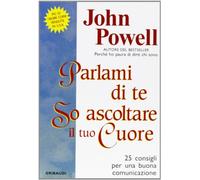 Parlami di te so ascoltare il tuo cuore. 25 consigli per una buona comunicazione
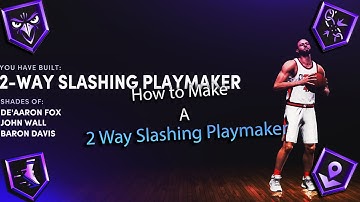 How To Make A 2 Way Slashing Playmaker In NBA 2K22 Next Gen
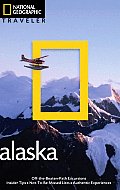 National Geographic Traveler Alaska 2nd Edition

(Requirement): Transcribe all of the material exactly and leave out its pictures.

(Written answer):
 Parlami di te so ascoltare il tuo cuore. 25 consigli per una buona comunicazione
 How To Make A 2 Way Slashing Playmaker In NBA 2K22 Next Gen
 National Geographic Traveler Alaska 2nd Edition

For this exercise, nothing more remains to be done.